I  ruined my parents best years of their lives with constant worry and waiting for a phone call that I was dead. So  I took my mom's suggestion and I went to a very small church down the road from my house .That church is where I accepted Christ into my life and was baptized by an older pastor named Reverend McKay.  I will never forget him. He would just show up at my house and speak the word to me.  I didn't understand anything of what he was saying.  My head was in such a fog but God's word is living and active.  I heard that  I had a loving God who was not mad at me and that I had Jesus  who would forgive me if I asked him to -  no matter how bad, how sinful or how hopeless I felt. 

 I wish I could say that I  stayed clean and sober after that but, I did not. Not until 2011 did I finally get it during my last trip to jail.
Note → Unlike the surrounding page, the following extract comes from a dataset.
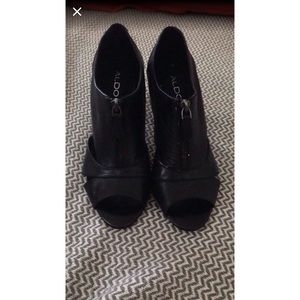 Aldo zip up leather heels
I spent many years inside and outside of jail, suicidal , and just plain crazy .  But I kept praying  and praying for God to help me.  I never understood that he would help me but I had to do some of the footwork.  II

 I know a lot of addicts who are very mad at God for not being able to get over the habit and move on because they have not realized there's footwork needed in their  recovery. The prayer just does not work like that .  Every time I asked for God's help during my drug use I ended up in jail. God had to physically pluck me from society to give me time to clear my head to figure out what I needed to do.  It took so long but I kept praying and kept my faith . During my last trip to jail, I finally prayed to God that I was willing to go to any length to stay clean and sober . I told God that  if that meant putting me in jail or prison for 10 years , I was willing to do it .  The freedom of that prayer, in jail, was the best relief I ever had in my life. I knew I was done with my old ways. 

I  was supposed to do two years in prison, but God saw fit to put me in a Department of Corrections  and Drug Rehabilitation program for women. I was willing to do everything they told me to do and I stuck with the girls in there who believed in God .I have fellowships and 12 step programs that I go to on a regular basis. I sponsor other women. I always keep God at the center my life now.
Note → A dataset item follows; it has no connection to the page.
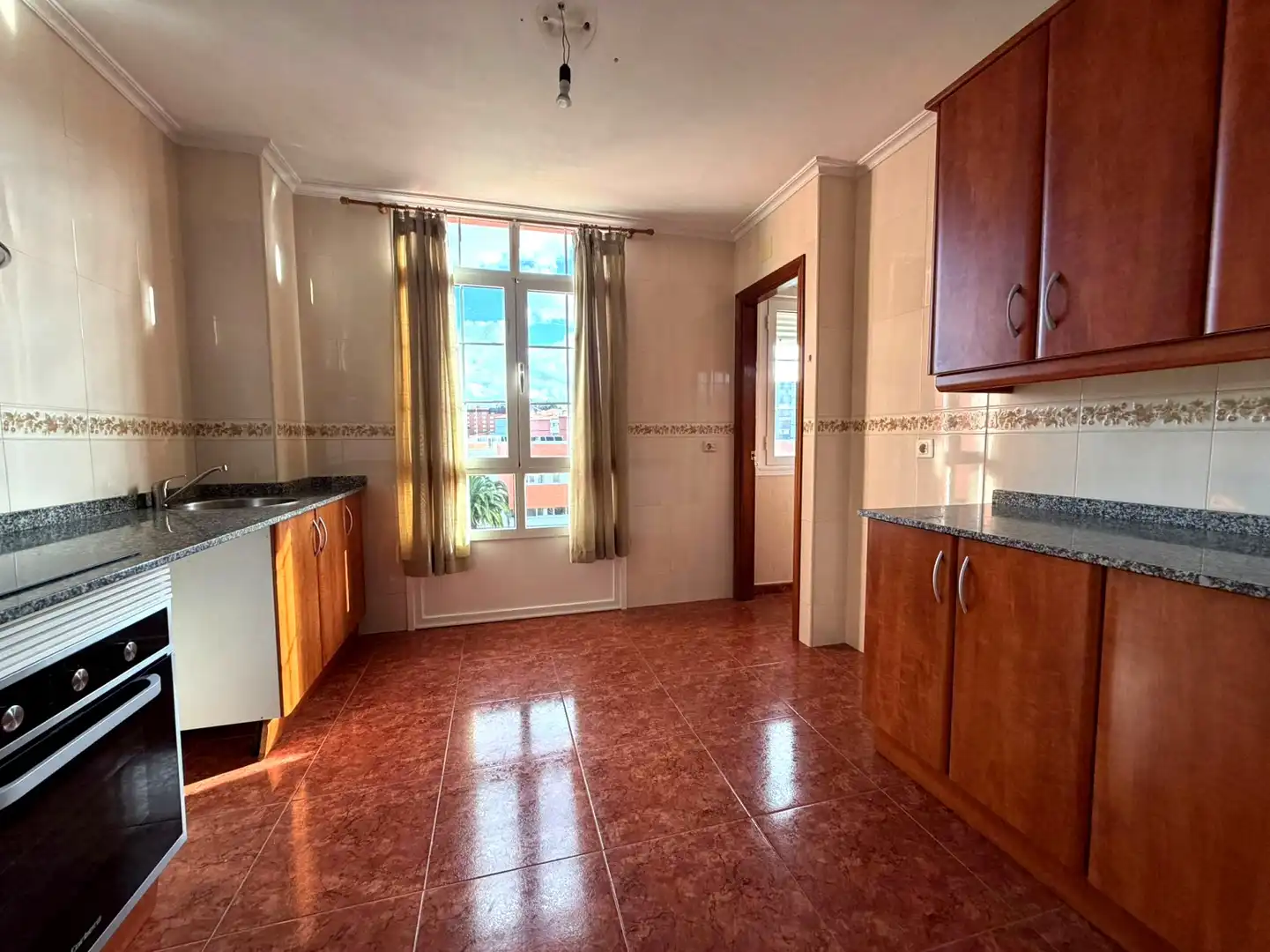 Cuina de Pis en venda en Avilés amb Calefacció, Parquet i Traster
 I have an amazing husband who is seven years recovered.  He also did 12 years of his adult life in prison. Being married to a Godly man is amazing. Our story  of how we were brought together is remarkable. We have our children and our life built on a foundation of Christ. We are able to pray together.  I now have devoted much of my extra time to helping teach a Bible study in the county jail where I once was held. I help teach a faith based parenting program to women in the jail .  The people God has put in my path along this journey is unbelievable. Many of them are parents of still sick and suffering addict's looking for my counsel at times .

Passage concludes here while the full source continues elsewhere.